Por sua vez, o prático “refletivo” é capaz de lidar com situações indeterminadas e cria soluções novas e originais. Este professor está associado à imagem de professor experiente.

E o ator social, segundo Tardif (2002), é o modelo posto por Paulo Freire (2000) que apresenta a idéia do professor como aquele que é agente de mudanças, portador de valores emancipadores, que assume uma postura vigilante contra todas as práticas de desumanização, e que como criador, produtor de conhecimento e transformador, precisa aprender a aprender.
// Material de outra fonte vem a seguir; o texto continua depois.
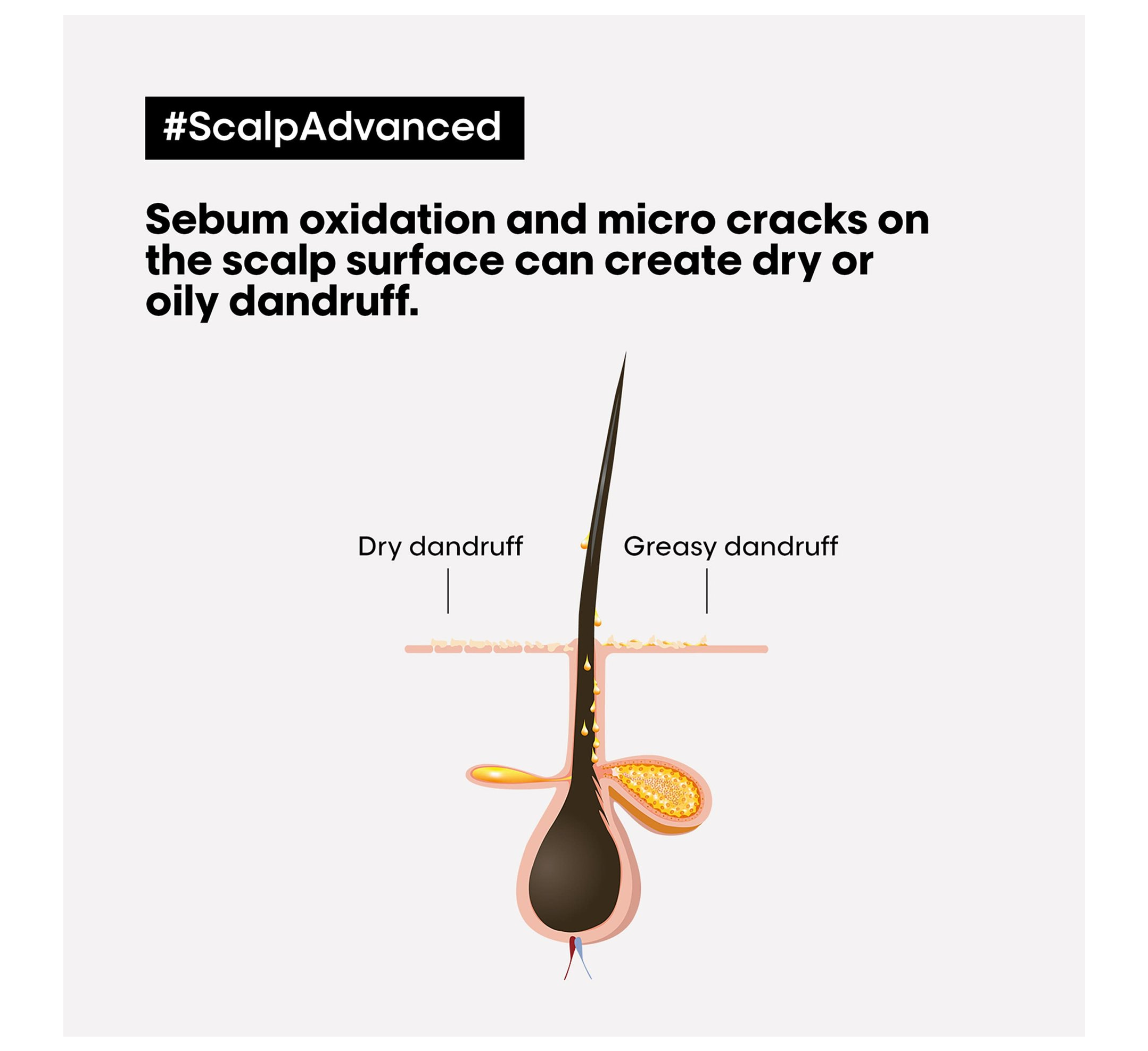 Loreal Professionel Scalp Advanced Anti-Dandruff Dermo-Clarifier Shampoo *300ml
Pelo exposto, é possível concordar com Fiorentini (1998), segundo o qual o saber é estruturado, evolutivo e cultural. Estruturado porque é organizado conceitualmente através de uma rede de interconexões, cada pessoa cria sua própria rede associando tudo o que sabe ou sente em relação a uma idéia. É evolutivo, uma vez que é sempre provisório, não linear, é o sentido que damos à realidade observada e sentida. É cultural, contextualizado com caráter afetivo, pois o saber é invadido pela emoção, é assim que se pode odiar a Matemática e amar o Português.
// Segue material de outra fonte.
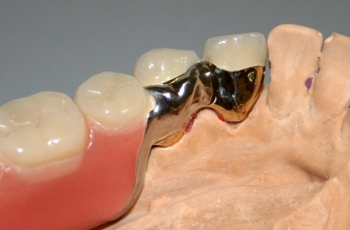 Riegelprothese auf dem Modell von der Zungenseite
Na realidade, a formação docente implica o domínio de múltiplos saberes. No entanto, esse conhecimento pode não ser suficiente para uma prática educativa humanizadora e promotora de desenvolvimento amplo e harmônico das crianças. A prática docente exige articulação ou, como explicita Tardif (2002), mobilização dos saberes que implica decisões, escolhas e intervenções. Ao mesmo tempo, é possível considerar que o saber docente pluralizou-se e diferenciou-se com o surgimento de subgrupos de especialistas e de docentes portadores e reivindicadores de saberes específicos como é o caso da Educação Infantil. Sobre essa questão, avançaremos no item subseqüente.